Avoiding duplications: Bankscope includes both consolidated and unconsolidated balance sheet data. When both are available for the same bank, a different identifier is assigned to each type of data. Moreover, at the time of mergers, the banks involved might stay in the dataset along with the merged entity. To make sure that observations are not duplicated for the same bank, the following procedure was applied to include information from only one of the balance sheets. First, using the ‘rank’ variable in Bankscope, which ranks the banks within a country, nonranked banks were dropped to avoid duplications. However, a second step was necessary to make sure that the duplication was not due to a merger event. If a bank was not ranked but had assets greater than the country average, its history of mergers and acquisitions was examined carefully. Next, the premerger banks were reranked to ensure that they were included in the dataset, and the postmerger banks were deranked to exclude them from the premerger period. Many such banks had both consolidated and unconsolidated balance sheets. To be able to identify individual banks, the unconsolidated data were preserved when both balance sheets were available. If unconsolidated data were unavailable, consolidated data were used to avoid dropping the banks from the sample.
Excluding outliers: To ensure that the analysis is not affected by potential measurement errors and misreporting, about 4% of the observations on the tails of the distributions of the two main variables (bank-level credit growth and DD) were dropped.
Coding ownership: Bankscope does not provide historical information about bank ownership; it provides only the share held by foreign and public investors in the current year. Thanks to extensive work by Micco et al. (2004), the historical ownership data up to 2002 were available for the study. While extending the time coverage to 2004, the most recent ownership information from Bankscope data on central and Eastern European banks was obtained. This information was complemented with information from banks' websites and Bankscope data on parent banks to update ownership information for 2003 and 2004.
Merging in loan breakdowns: The central banks in six of the eight countries included in the study provided bank-by-bank data on the composition of loans, as collected by supervisory authorities.
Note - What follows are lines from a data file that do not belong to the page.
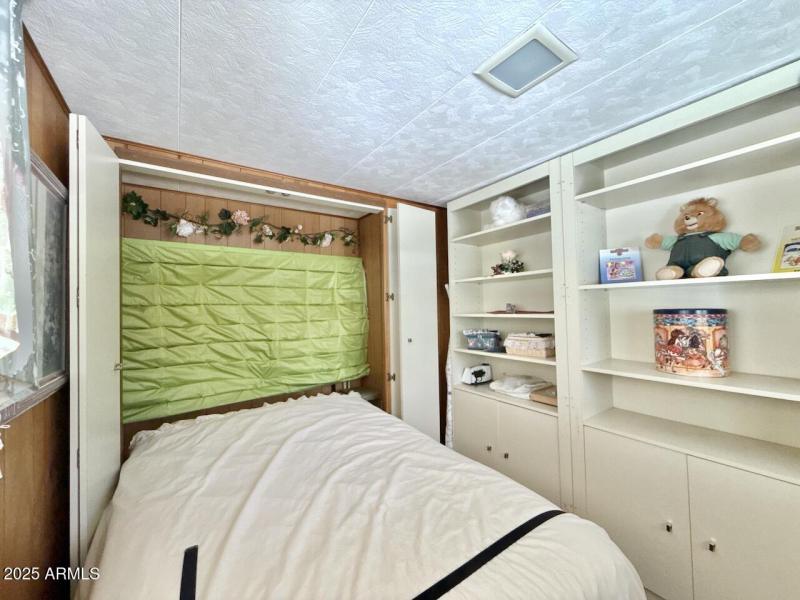 38 Guest Bedroom Murphy Bed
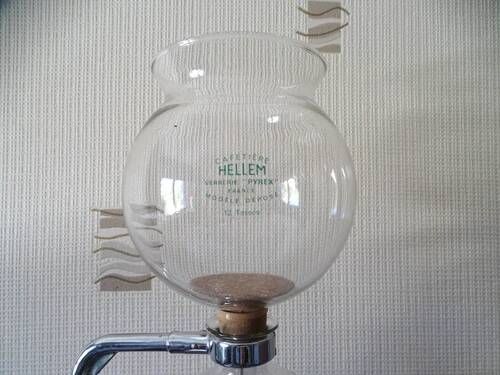 Helem vintage coffee maker 12 cups from the 1960s complete with its original box.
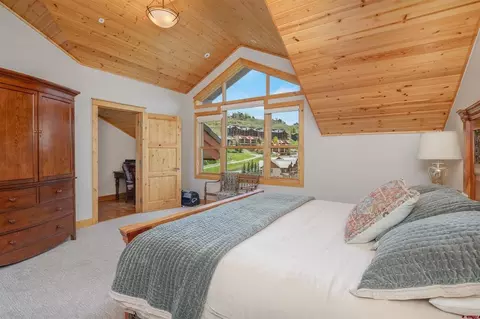 Bedroom - 9 Hunter Hill Rd #401, Crested Butte, CO 81225 photo 10 of 10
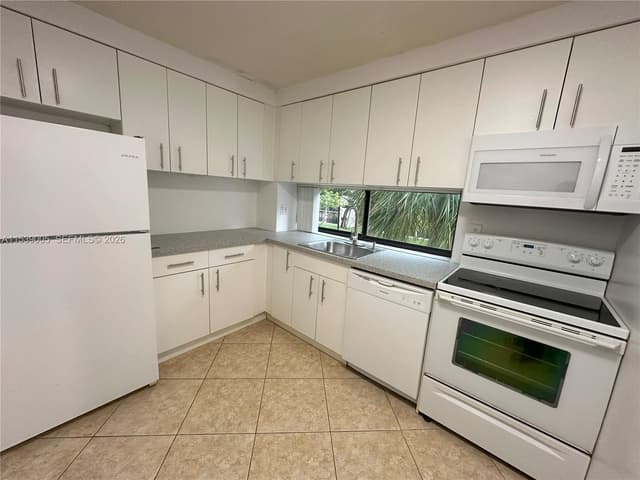 17021 N Bay Rd # 4, Sunny Isles Beach FL 33160 - Sunny Isles Beach, FL - Photo 6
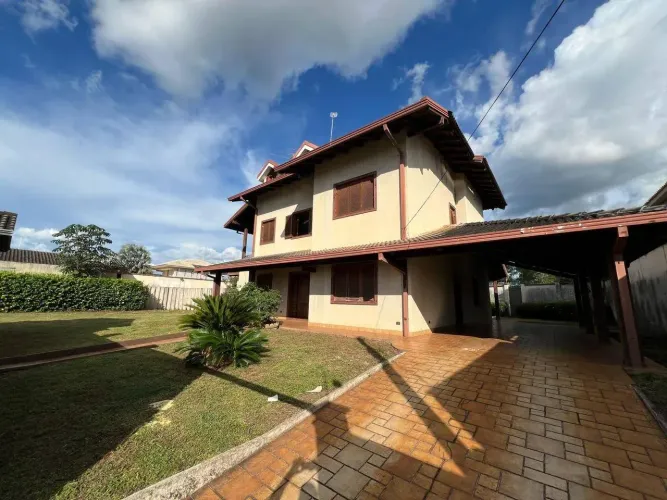 Casa de Alto Padrão à Venda 208 Norte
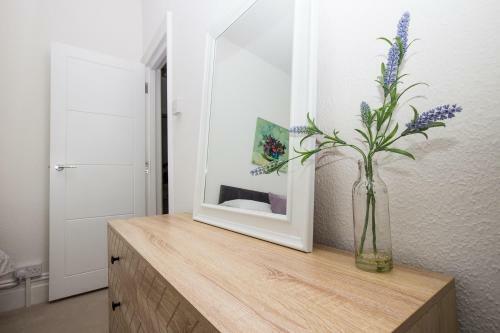 52 Madeira Park Flat 6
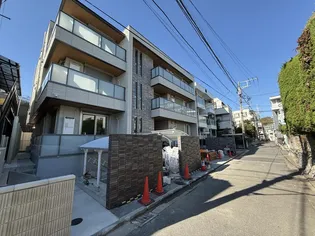 グランウェーブ湘南【1階】の外観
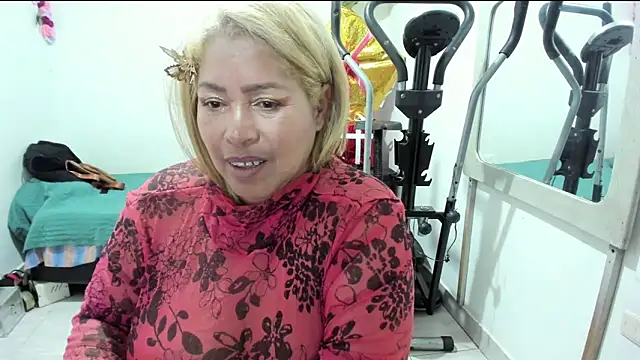 Snapshot of anubys_godes chatting on 9, 1, 2025 anubys godes online show from 9, 1, 2025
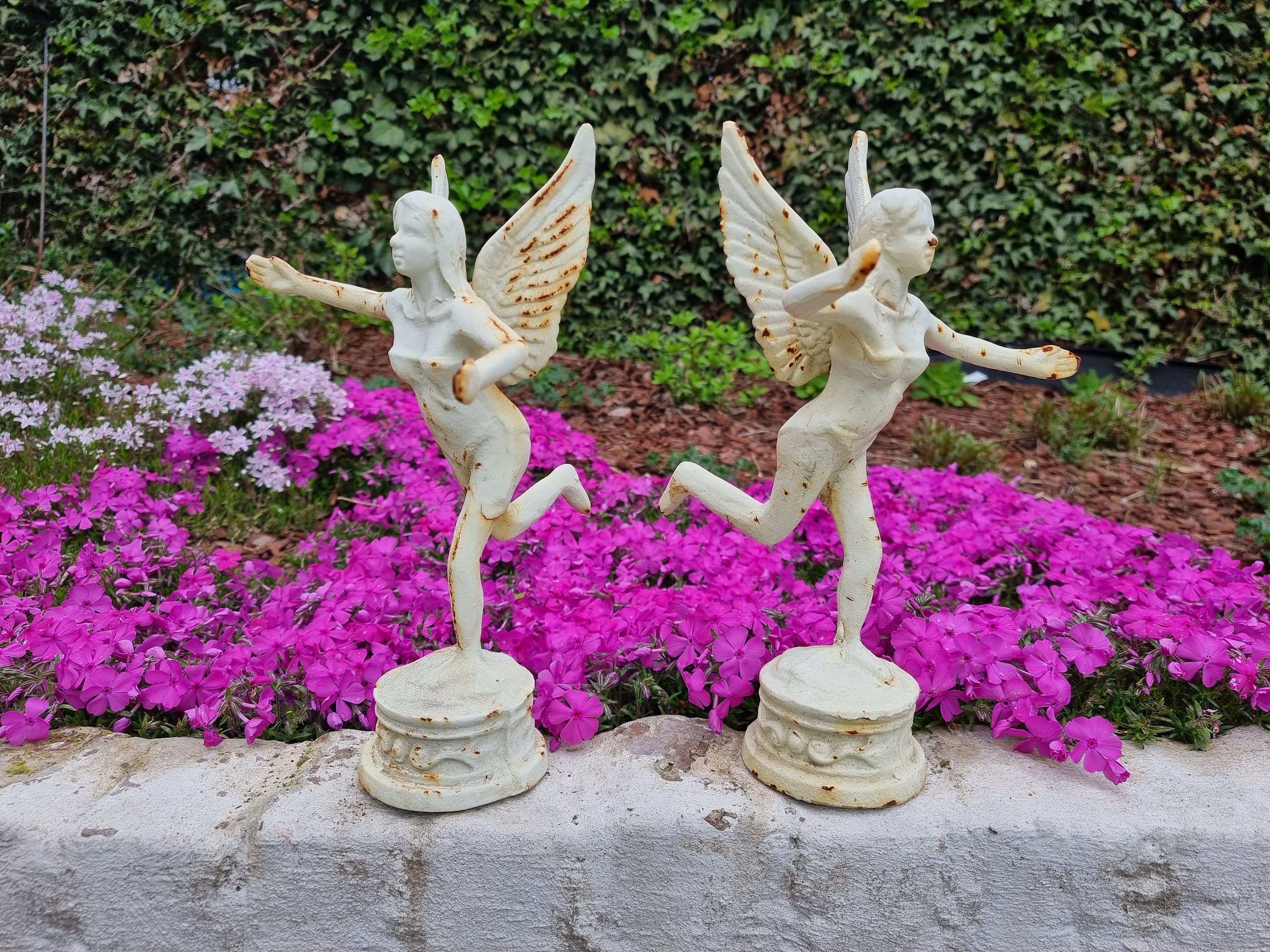 Cast iron garden sculptures Angel ornaments Classic garden ornaments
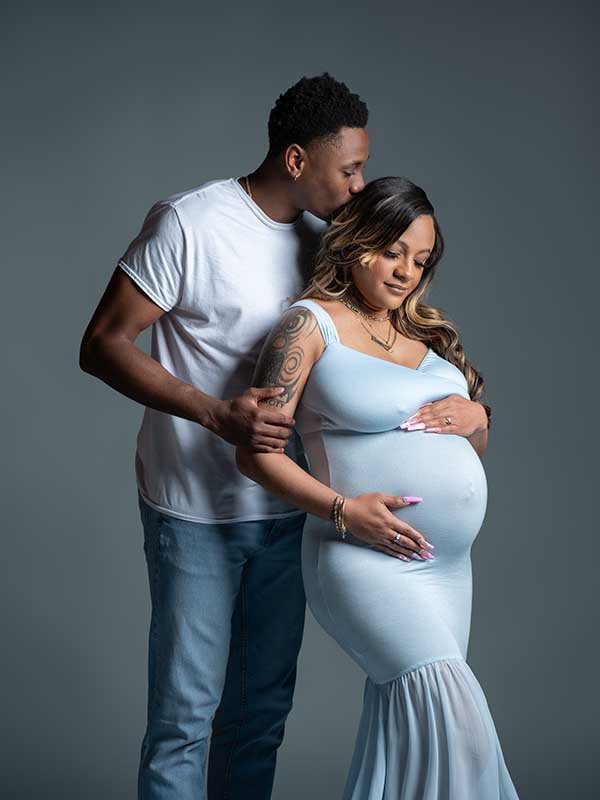 Vanessa_Kevin_Maternity-233-Edit.jpg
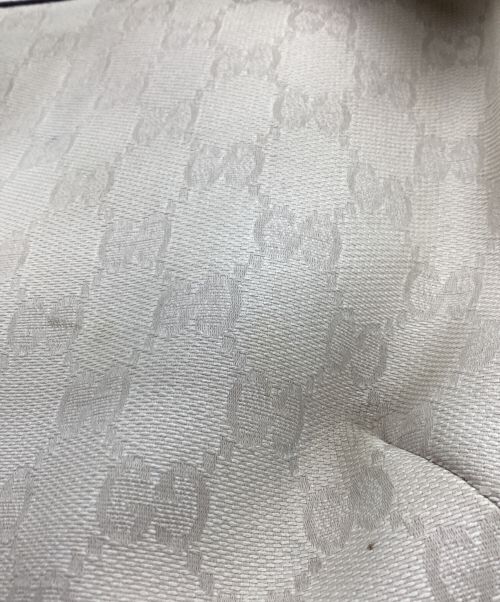 GUCCI（グッチ）GUCCI (グッチ) ショルダーバッグ アイボリーの古着・服飾アイテム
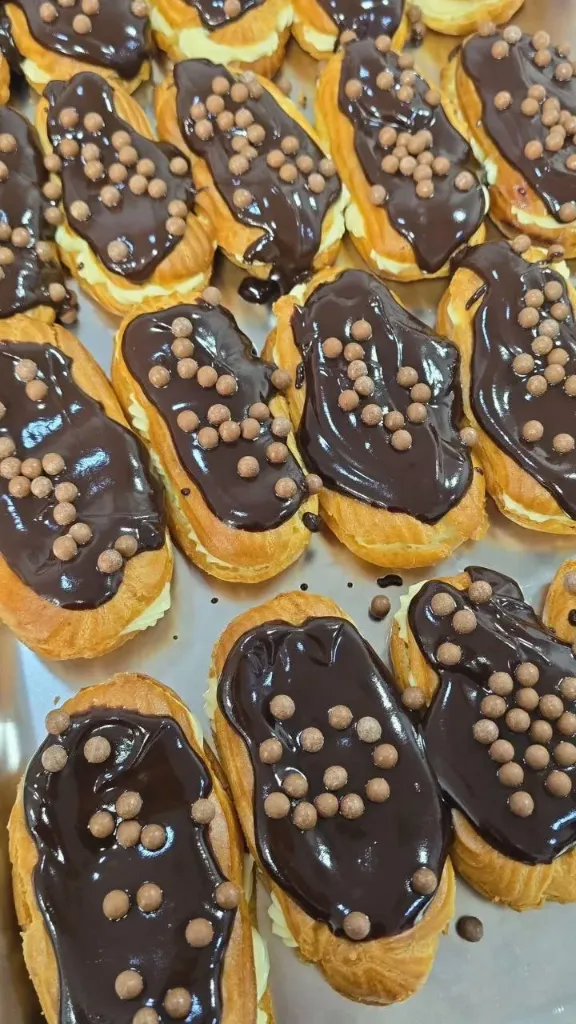 Chocolate Eclairs - Pack of 2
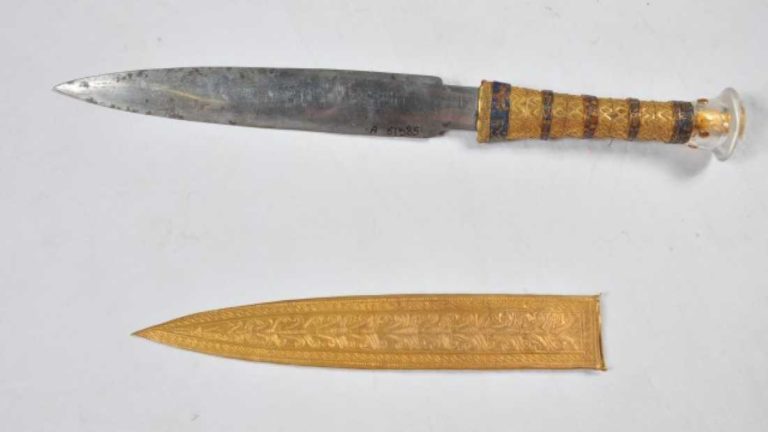 extra_large-1464855885-14-king-tutankhamun-s-dagger-was-literally-out-of-this-world-768x432.jpg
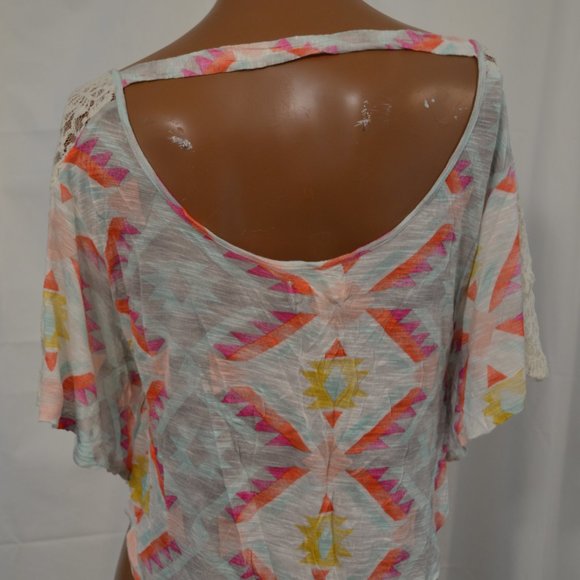 Junior's top - Picture 4 of 5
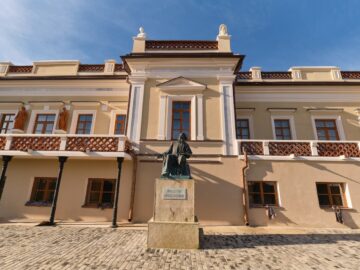 Картинную галерею имени Айвазовского в Феодосии откроют к десятилетию «Крымской весны»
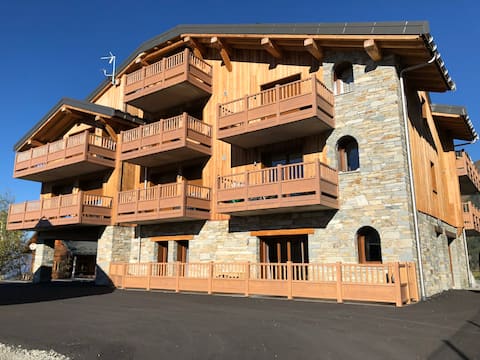 Popular Airbnb listing: Sunny terrace on the slopes in Albiez Montrond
The data covered the period from 1995 to 2005 (except in the Czech Republic, where the coverage was from 2000 to 2005) and broke down total loans into (i) loans to households in local currency, (ii) loans to corporates in local currency, (iii) loans to households in foreign currency, and (iv) loans to corporates in foreign currency. For confidentiality reasons, most countries were unable to disclose the identity of the banks. Banks from the supervisory dataset and from the Bankscope dataset were matched using data on total loans and total assets. To reduce the likelihood of measurement errors and ensure data consistency, dummy variables identifying banks with rapidly growing household and foreign-currency portfolios, rather than actual data on household and foreign-currency loans, were used.